The current State Land Board members are Governor Tina Kotek, Secretary of State LaVonne Griffin-Valade and State Treasurer, Tobias Read. However, most of the damage was done during Kate Brown’s eight years as governor, 2015-2023. Read was elected in 2017. Griffin-Valade was appointed by Kotek last June. 

Oregon's attempt to “decouple” the Elliott State Forest from the Common School Fund for pennies on the dollar caught the attention of Advocates for School Trust Lands [ASTL], a national 501 C(3) nonprofit dedicated to making sure that School Trust Lands are used for schools. 

ASTL recruited students, parents and school districts as co-plaintiffs and filed a Civil Complaint in the Coos County Circuit Court.

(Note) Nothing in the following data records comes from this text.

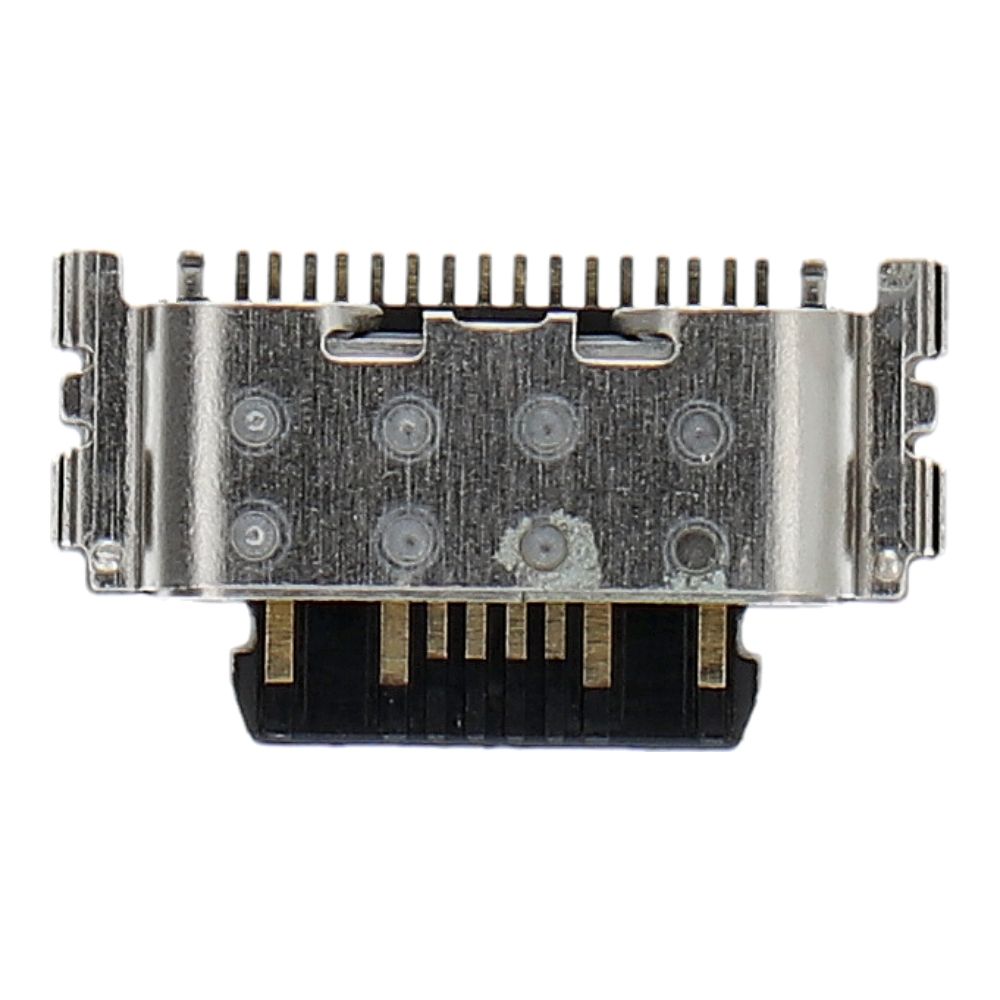 Įkrovimo jungtis XIAOMI Poco X4 Pro ORI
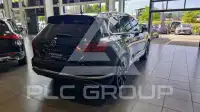 2023 Volkswagen Touareg
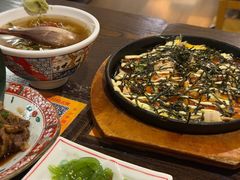 -角落里(中山公园店)
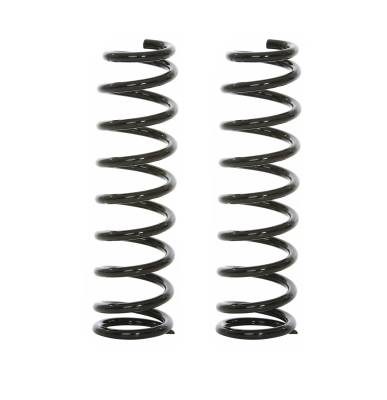 Old Man Emu by ARB - OME  Coil Spring Set Jeep TJ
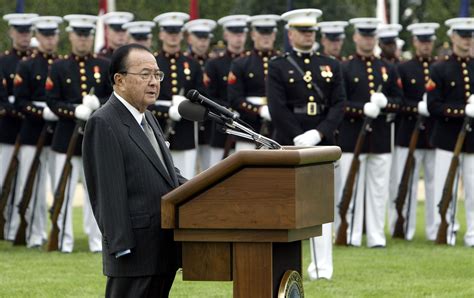 US Navy's new warship named for Medal of Honor hero Daniel Inouye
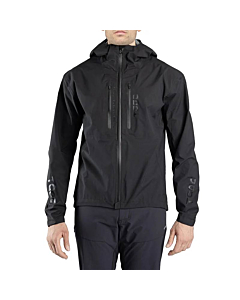 Veste Coupe-vent / Imperméable TAAC Sfida Hydroscud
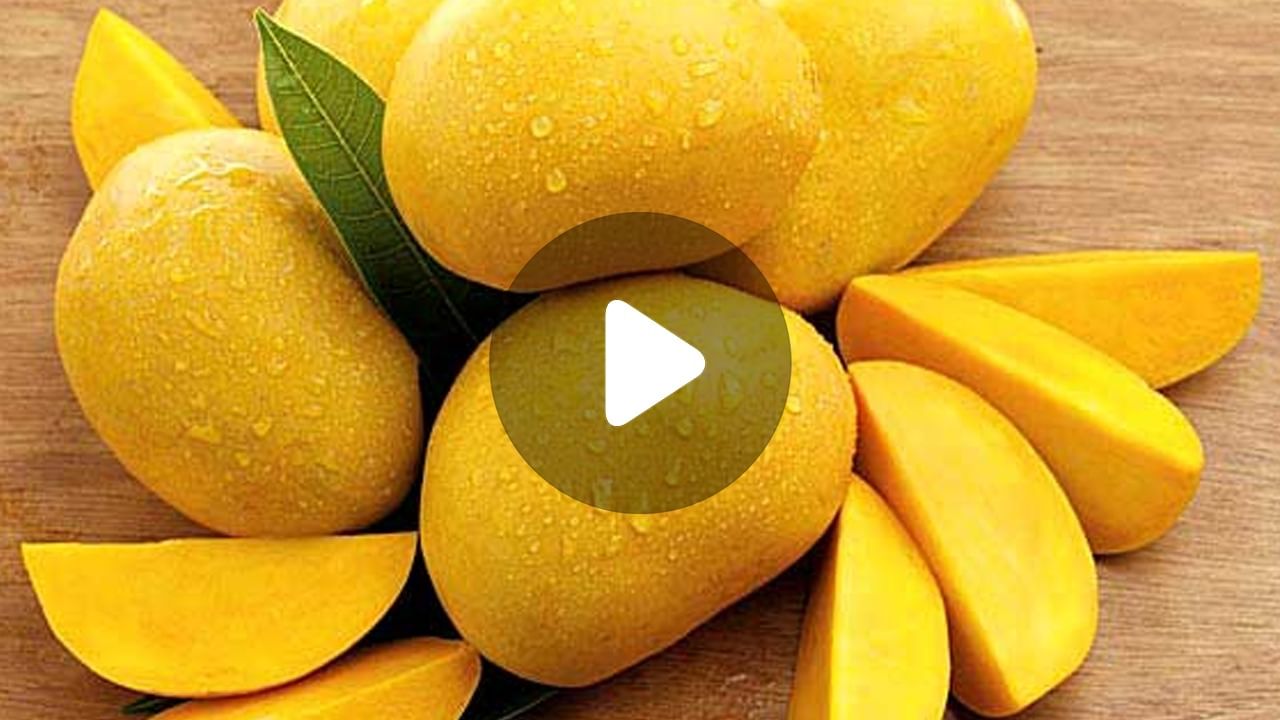 Mango: আমের সঙ্গে এই খাবার! বাড়বে বিপদ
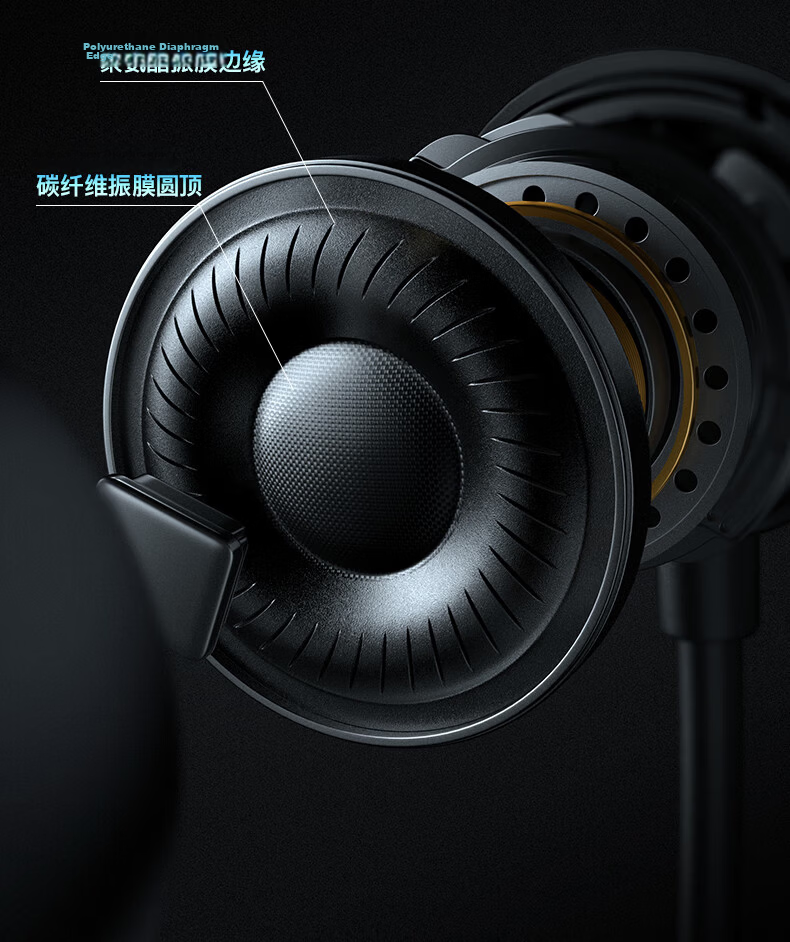 Viken Berlin Voice 2026 Latest Bluetooth Neckband Wireless Sports Earphones Long Battery Life Waterproof Noise Cancelling Compatible with Apple Xiaomi OPPO 10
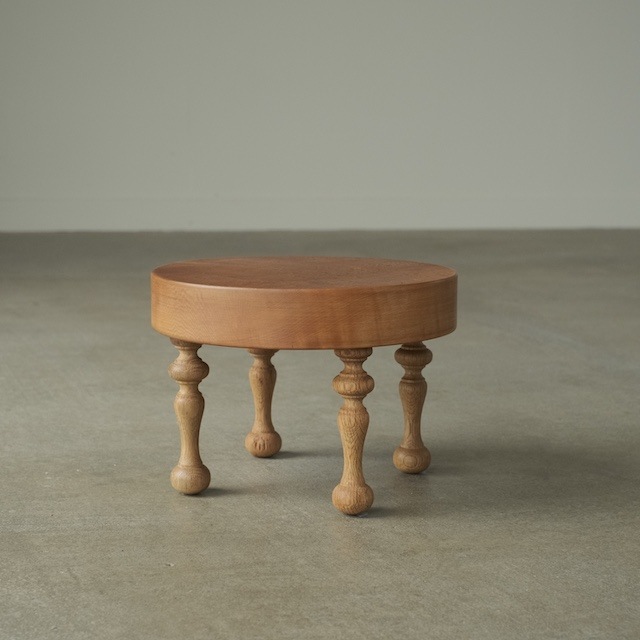 �������ʥ饦��ɥơ��֥�.j��R-select��ǥ�����ץ�������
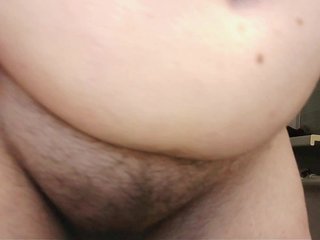 Ida-Davis Porn Show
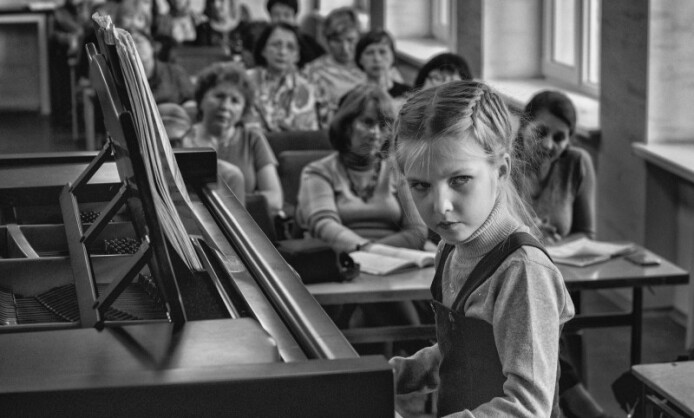 ВЫСТАВКА «35 ЛЕТ СОЮЗУ ФОТОХУДОЖНИКОВ РОССИИ» В СМОЛЕНСКЕ ВЫСТАВКА «35 ЛЕТ СОЮЗУ ФОТОХУДОЖНИКОВ РОССИИ» В СМОЛЕНСКЕ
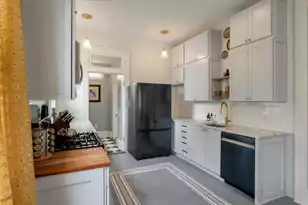 4 Kenilworth Ave, Charleston, SC 29403 - Photo 13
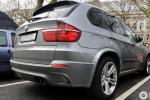 X5 M (E70) BMW for sale X5 M (E70) BMW for sale 2012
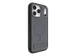 ZAGG Sedona Snap Kickstand, Housse, Apple, iPhone 17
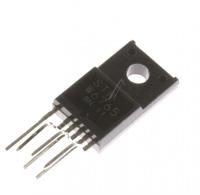 Sharp Ic                                                           9JDI2BT067650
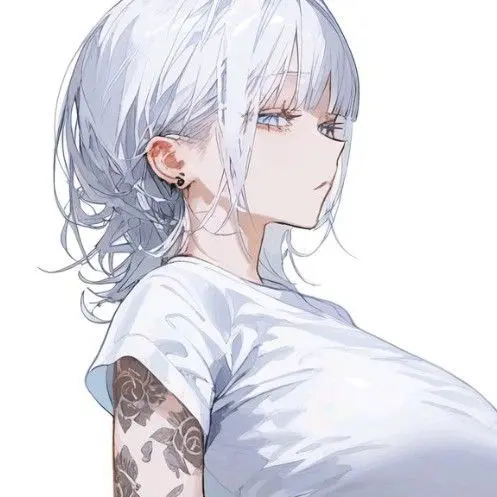 aesthetic의 진제아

Presiding Judge Andrew Combs conducted a hearing on January 29. More information on this lawsuit is available at www.oastl.org/legal

Judge Combs issued a ruling in late February that attempts to dismiss the lawsuit.

“We will appeal his decision,” Sullivan said in a March 1st email to me. “Oregon has done a superb job of setting up barriers to prevent anyone from being able to sue it, such as legislative immunity, sovereign immunity, no associative standing, and strict deadlines for any tort action. Nonetheless, I expect we will eventually prevail. What Oregon has done is such blatant theft from the Common School Fund, the facts should overcome Oregon’s judicial roadblocks as the case winds it way up to the Supreme Court."

Sullivan believes sunshine remains the best disinfectant for this charade. The more Oregonians learn about the Land Board’s unconstitutional activities, the more this mess stinks to high heaven.”

OSU President Murthy left the door open to further discussions with the Land Board because she sees great potential in the Elliott as envisioned in Senate Bill 1546, which lays out a plan for the management and administration of the proposed research forest, but she noted that the cumulative effect of compromises with preservationist groups eroded the research viability of the forest and, with it, “the ability to serve the public good.”

 Her conclusion:
“Several partners and stakeholders now stand in opposition, and OSU is no longer able to participate as we had hoped.”